The Uefa president says he will listen to all parties regarding the new Champions League Swiss model system which will see Europe’s premier football competition expand from 32 to 36 teams.
Every team that qualifies for the Champions League will go into a 36-team league table where each club will play 10 matches.
Under the Swiss model, teams play a set number of games rather than facing every other team in the league. The 10 matches each team will play will be decided by a seeding system.
The new format was voted in last Monday, and Ceferin insists that the drive for the change in format came directly from the clubs.
The 53-year-old has also responded to comments made by Klopp when the Liverpool manager argued that there were too many games in the new format, describing it as a “joke”.
The Slovenian insisted he is happy to make changes and reduce the number of games if that is what the majority of clubs wants, but this will come at a cost.

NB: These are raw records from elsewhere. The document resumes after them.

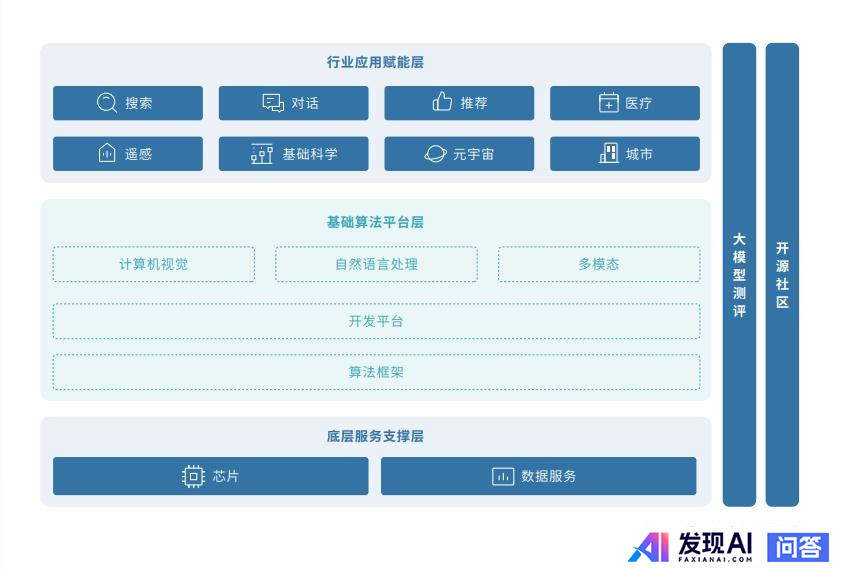 国内AI大模型已近80个，哪个最有前途？-7.jpg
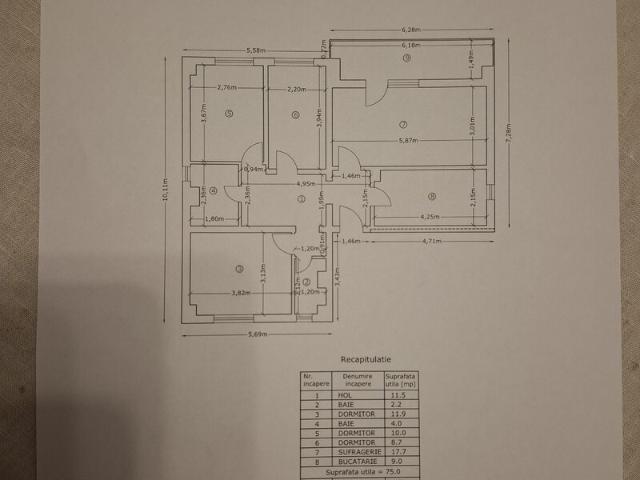 Apartament vânzări în Slobozia, Ialomița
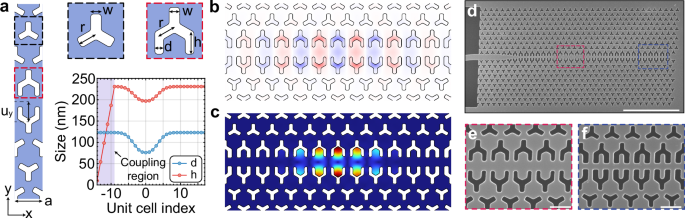 High photon-phonon pair generation rate in a two-dimensional ...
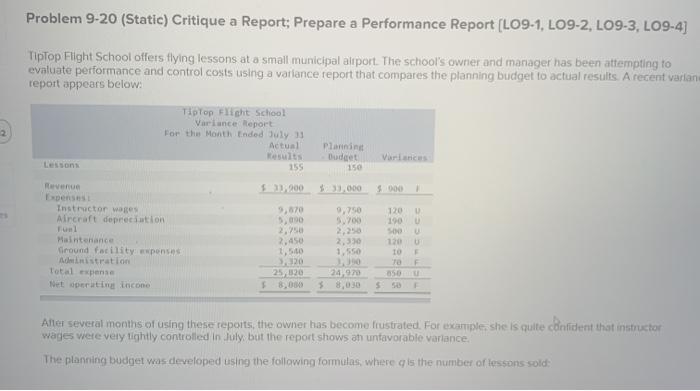  Problem 9-20 (Static) Critique a Report; Prepare a Performance Report (L09-1,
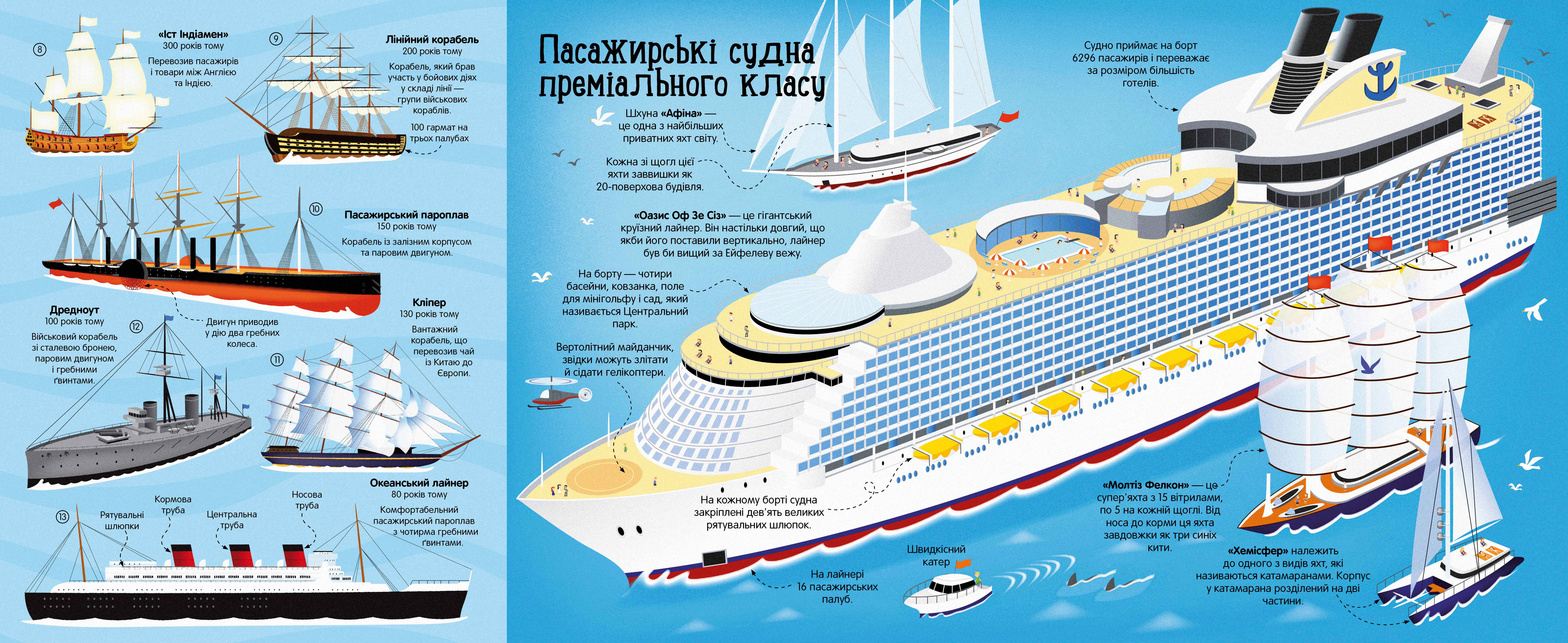 Книга Велика книга кораблів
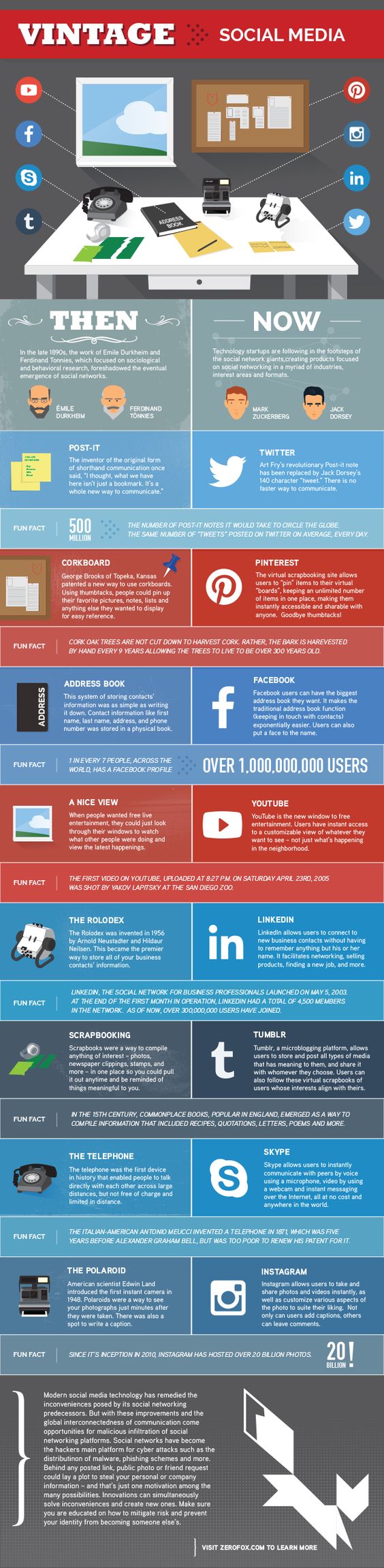 Vintage Social Media - Twitter, Pinterest, Facebook, YouTube, LinkedIn Instagram Then And Now #infographic
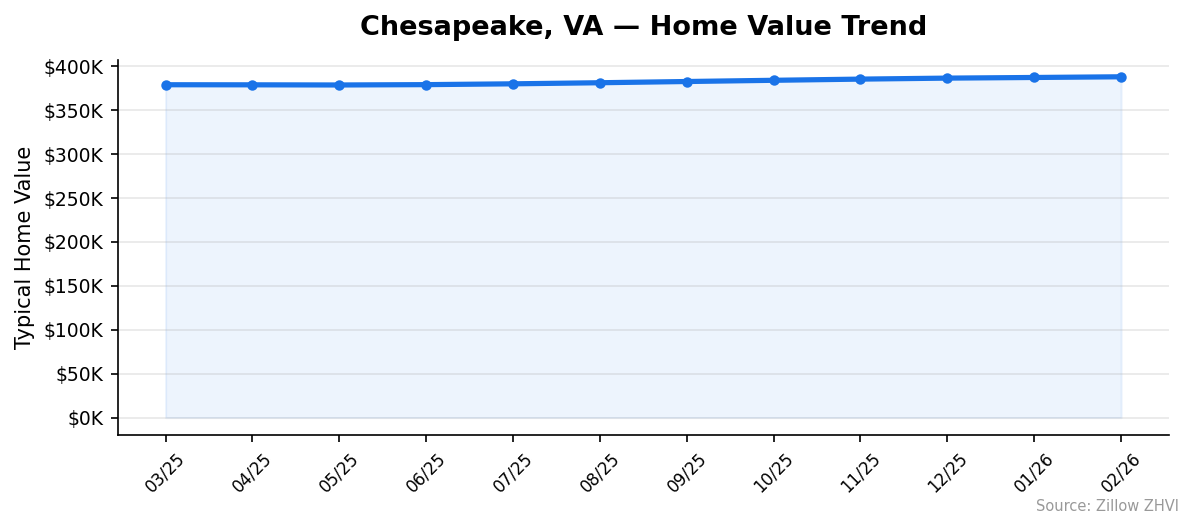 Chesapeake home value trend chart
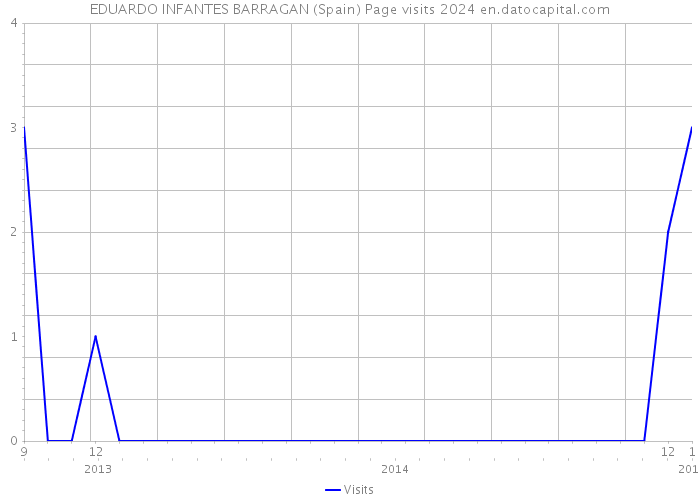 EDUARDO INFANTES BARRAGAN (Spain) Page visits 2024 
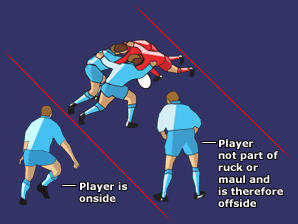 Rugby-Offside-Ruck-Maul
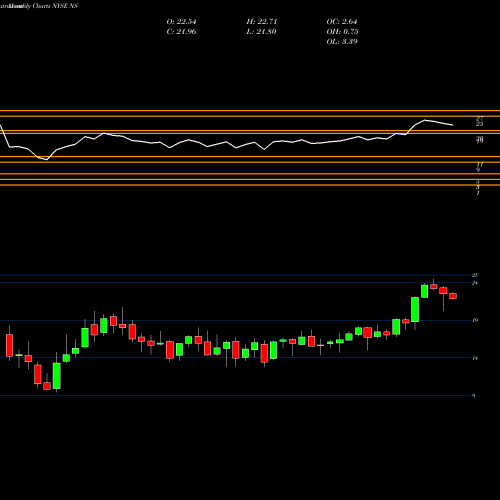Monthly charts share NS Nustar Energy L.P. NYSE Stock exchange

“Some coaches and players said too many matches. There can always be less matches but also the salaries of the players and coaches have to adapt. You cannot generate less and earn more all the time,” Ceferin told the Daily Mail.
“I read some people saying: ‘We don’t want more matches.’ I’m fine with that, really, I am. If the Champions League stays as it is, it will still be the best competition in the world.
“Our reforms came about because clubs need help responding to the financial crisis. We can carry on as we are but clubs will go out of business. And who does that hurt most? Their fans.
“So, while I understand what some people are saying, I’d ask them ‘What is your solution?’ We believe the reforms we are making have advantages for everyone.
“But we have been clear they are not fully set in stone so, if those people have better ideas that safeguard the future of football as well as ours, I will listen.”
The Liverpool manager spoke to reporters ahead of Liverpool’s 1-1 home draw with Newcastle United on Saturday.
“I have no problem with change. We all wanted to have the new Super League to go away, but at the same moment we have the new Champions League,” Klopp said.
“Who read this concept and said ‘oh, that’s perfect!’? Who tells me now that it’s not about money? It’s a joke!
“I said it before with the Nations League, or when FIFA wanted to have a Club World Cup. They don’t ask, they just introduce it. Why? Money.”